A Multi-Modal Dataset for Teacher Behavior Analysis in Offline Classrooms

In this section, we present the three sub-datasets that form the MM-TBA dataset. The teaching action detection sub-dataset focuses on identifying teacher actions within teaching videos. The teacher lecture evaluation sub-dataset provides a comprehensive, multi-dimensional assessment of lecture content. The instructional design sub-dataset employs multivariate analysis methods to annotate instructional designs. Figure 2 illustrates the overall framework for constructing the MM-TBA dataset.

Table of Contents

Teaching Action Detection Sub-Dataset

The teaching action detection sub-dataset focuses specifically on the hand movements of teachers, categorizing these actions for every second of the teaching videos. Specifically, we defined six action categories: “pointing”, “beat gesture”, “descriptive gesture”, “writing”, “interacting”, and “neutral”. Given the complexity of developing this sub-dataset, we detail the process through three key aspects: data collection, data preprocessing, and data annotation.

Data Collection

We captured films of the trainee teachers instructing in micro-classrooms in 2018-2021. The shooting angles include 0^∘ and 30^∘ directions facing the teacher’s blackboard. We obtained the instructors’ informed consent prior to filming and informed them that the recordings would be used for future teaching and research purposes, and others. Additionally, we have anonymized the data contained in the dataset, all in an effort to preserve their privacy and the security of their information. We ultimately produced a total of 4,839 teaching videos.

The trainee teachers involved in this study are pre-service graduates from teacher education programs. Prior to their internships, they completed comprehensive coursework in educational theory and pedagogical methods, supplemented by school-based training. Under the guidance and supervision of experienced mentors, they applied these theories and methods in practical settings. Consequently, these teachers acquired practical teaching experience, contributing to the authenticity and representativeness of the collected teaching data.

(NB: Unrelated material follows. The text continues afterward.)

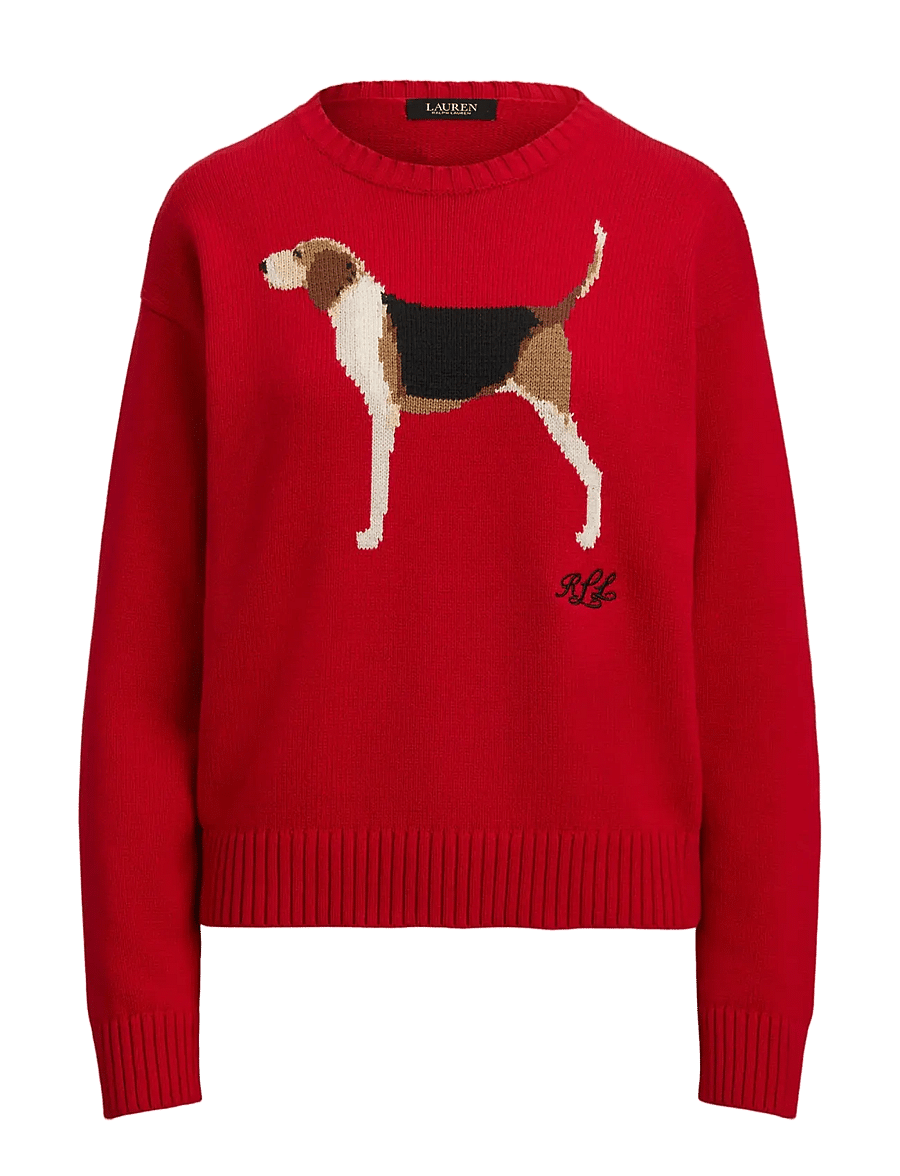 Lauren Ralph Lauren - Intarsia-Knit Foxhound Cotton Sweater - ralph red multi - 1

Data collected at the beginning or end of the semester may not fully represent instructional practices throughout the entire term, and teaching styles can differ significantly by subject and instructor. To minimize these biases, we ensured data diversity by selecting courses from different points within the academic term and across multiple subjects, including Mathematics and Information Technology, spanning middle and high school levels. The gender distribution of teachers is approximately 2:3. This approach ensures that our dataset is reflective of typical classroom environments, thereby enhancing the generalizability of the findings. We present the attributes distribution of the collected data in Fig. 3, and have uploaded the metadata file to the data repository.

Data Preprocessing

Given the unique teaching style of each teacher¹⁶, we meticulously screened all the videos to ensure quality and relevance. Videos were excluded if they contained excessive repetitive movements, which we defined as a teacher repeating the same gesture or action more than six times within a 10-second window. We also removed segments showing irregular teaching behaviors, such as the teacher facing away from students for over 10 seconds or leaving the podium more than twice per minute. Similarly, segments with no teaching-related actions for over 10 consecutive seconds were discarded. To keep the focus on the teacher, we excluded segments where non-teacher individuals (e.g., students or assistants) blocked the teacher’s view for more than 20% of the duration. These criteria ensured the dataset contained meaningful instructional content.

As a result, 354 videos of approximately 300 trainee teachers with rich movements and standardized teaching behaviors were retained. We removed the opening and closing minutes of each teaching video based on considerations of their irrelevance to the classroom content. Subsequently, we used FFmpeg¹⁷ (video editing tool) to crop all the videos into approximately 10-second video clips and performed a second round of filtering. We ultimately obtained 3,173 video clips with a total duration of approximately 32,000 seconds. To safeguard participants’ personal information and privacy, and to mitigate data sensitivity, visual feature extraction was performed on the data, which was subsequently stored as pkl files. The data was then divided into training, test sets in an 8:2 ratio.

Data Annotation

Initially, we utilized FFmpeg to extract frames from all video clips at 30 frames per second, sampling one frame per second. Building on the success of the YOLO series in object detection, we employed the YOLO¹⁸ to identify bounding boxes around teachers in the videos. Bounding boxes are utilized to locate the spatial position of the teacher within the video, represented by two pairs of (x, y) coordinates. For annotating teaching actions, we used the VIA tool (version 3.0.11)^19,20, configured with a timeline precision of 1 frame per second to enable accurate temporal segmentation. Trained annotators classified the teacher’s actions within these bounding boxes into six predefined categories. This two-step workflow—automated bounding box detection followed by manual action classification—ensured both efficiency and accuracy in the annotation process.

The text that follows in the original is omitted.